Restate word for word the lines that run from the one containing "Sterling Silver Oval Loop Pendant Necklace" to the last line of the data, both ends included.
** Opening Material for this task block **
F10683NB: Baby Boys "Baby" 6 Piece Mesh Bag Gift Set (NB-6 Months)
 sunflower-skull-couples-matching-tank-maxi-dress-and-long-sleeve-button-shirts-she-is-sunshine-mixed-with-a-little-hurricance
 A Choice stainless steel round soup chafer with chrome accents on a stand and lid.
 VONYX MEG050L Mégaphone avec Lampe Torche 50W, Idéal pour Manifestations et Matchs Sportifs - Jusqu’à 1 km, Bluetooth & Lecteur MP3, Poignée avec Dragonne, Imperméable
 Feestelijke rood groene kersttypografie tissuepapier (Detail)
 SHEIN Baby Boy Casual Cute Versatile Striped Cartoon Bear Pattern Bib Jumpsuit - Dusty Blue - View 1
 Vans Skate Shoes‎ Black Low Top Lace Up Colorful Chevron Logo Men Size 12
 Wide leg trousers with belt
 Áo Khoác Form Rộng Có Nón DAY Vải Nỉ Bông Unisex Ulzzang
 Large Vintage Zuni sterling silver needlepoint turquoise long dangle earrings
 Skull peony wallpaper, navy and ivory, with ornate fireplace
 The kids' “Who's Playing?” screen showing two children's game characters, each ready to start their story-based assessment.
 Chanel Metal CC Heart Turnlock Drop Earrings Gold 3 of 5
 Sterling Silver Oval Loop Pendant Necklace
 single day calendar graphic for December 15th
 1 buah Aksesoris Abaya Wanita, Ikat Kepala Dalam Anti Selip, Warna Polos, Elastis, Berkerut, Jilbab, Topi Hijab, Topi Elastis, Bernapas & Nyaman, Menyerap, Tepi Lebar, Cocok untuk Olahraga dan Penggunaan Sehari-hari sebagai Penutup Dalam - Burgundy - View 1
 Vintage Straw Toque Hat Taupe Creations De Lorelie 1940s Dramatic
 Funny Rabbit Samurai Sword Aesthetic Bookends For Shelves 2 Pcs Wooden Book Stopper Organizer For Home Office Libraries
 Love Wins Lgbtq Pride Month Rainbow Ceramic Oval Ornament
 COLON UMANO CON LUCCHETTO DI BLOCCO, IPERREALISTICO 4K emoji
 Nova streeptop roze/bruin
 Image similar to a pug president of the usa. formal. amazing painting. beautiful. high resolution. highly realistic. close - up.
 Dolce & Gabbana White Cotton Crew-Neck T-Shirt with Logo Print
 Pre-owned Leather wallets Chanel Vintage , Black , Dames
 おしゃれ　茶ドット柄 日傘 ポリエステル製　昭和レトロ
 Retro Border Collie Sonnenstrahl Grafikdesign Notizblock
** Closing Material for this task block **
# Worked solution:
 Sterling Silver Oval Loop Pendant Necklace
 single day calendar graphic for December 15th
 1 buah Aksesoris Abaya Wanita, Ikat Kepala Dalam Anti Selip, Warna Polos, Elastis, Berkerut, Jilbab, Topi Hijab, Topi Elastis, Bernapas & Nyaman, Menyerap, Tepi Lebar, Cocok untuk Olahraga dan Penggunaan Sehari-hari sebagai Penutup Dalam - Burgundy - View 1
 Vintage Straw Toque Hat Taupe Creations De Lorelie 1940s Dramatic
 Funny Rabbit Samurai Sword Aesthetic Bookends For Shelves 2 Pcs Wooden Book Stopper Organizer For Home Office Libraries
 Love Wins Lgbtq Pride Month Rainbow Ceramic Oval Ornament
 COLON UMANO CON LUCCHETTO DI BLOCCO, IPERREALISTICO 4K emoji
 Nova streeptop roze/bruin
 Image similar to a pug president of the usa. formal. amazing painting. beautiful. high resolution. highly realistic. close - up.
 Dolce & Gabbana White Cotton Crew-Neck T-Shirt with Logo Print
 Pre-owned Leather wallets Chanel Vintage , Black , Dames
 おしゃれ　茶ドット柄 日傘 ポリエステル製　昭和レトロ
 Retro Border Collie Sonnenstrahl Grafikdesign Notizblock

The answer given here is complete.